フランク・ケイン
【ドバイ 】世界最大の石油会社であるサウジアラムコは、原油生産を記録的なレベルにまで引き上げ、エネルギー価格をめぐる世界的な争いで市場シェアを獲得しようとしている。
株式が上場しているリヤドのタダウル証券取引所への声明の中で、同社は次のように述べている。「サウジアラムコは4月に日量1230万バレルの原油を供給します。これは同社の最大持続生産量の日量1200万バレルを30万バレル上回っています。同社は、4月1日からこの生産量を提供することを顧客と合意しました」
さらに、「同社はこれがプラスの長期的な財務効果をもたらすことを期待しています」と付け加えた。
この発表は、世界のエネルギー市場における前例のない変動の真っ只中に行われたが、上場企業が「重要なイベント」を発表する際に必要とするように、独自に要請することでタダウルでの株式が事前に一時停止した。

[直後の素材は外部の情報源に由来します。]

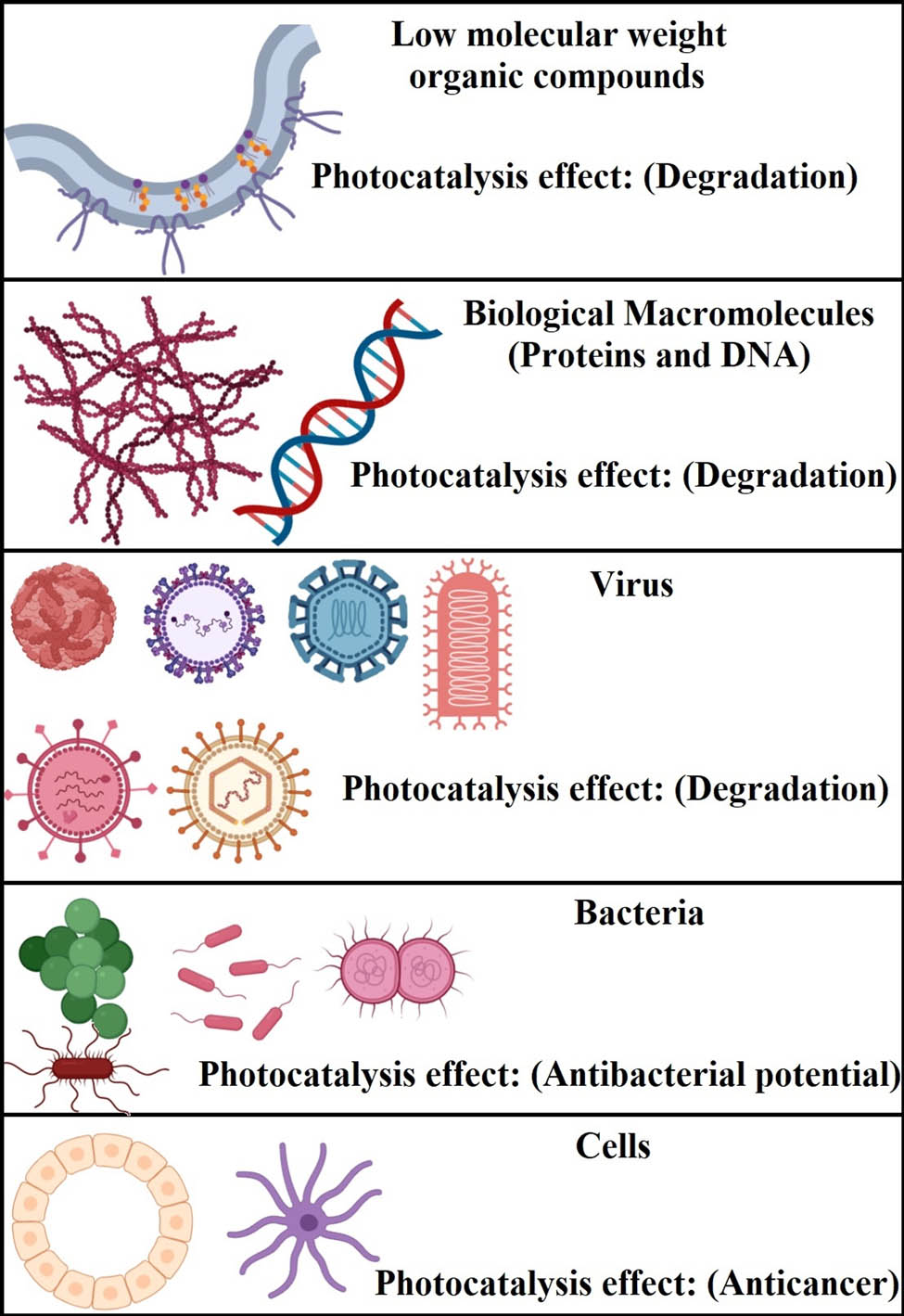 Figure 10
Photocatalytic effects and living cells.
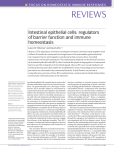 Intestinal epithelial cells: regulators of barrier function and immune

アラムコが世界中で大幅に値引きを行うという顧客への通知に続いて、生産量を劇的に増加させる動きは、世界のエネルギー市場への圧力をさらに高める。
その後、世界第2位の生産国であるロシアが即座に対応し、生産量を増加させた。
前日の「ブラックマンデー」による世界市場の下落にもかかわらず大幅に上昇したアラムコの株式は、発表後も上昇を続け、SR31.15(8.30ドル)で引け、その日は9.98%上昇した。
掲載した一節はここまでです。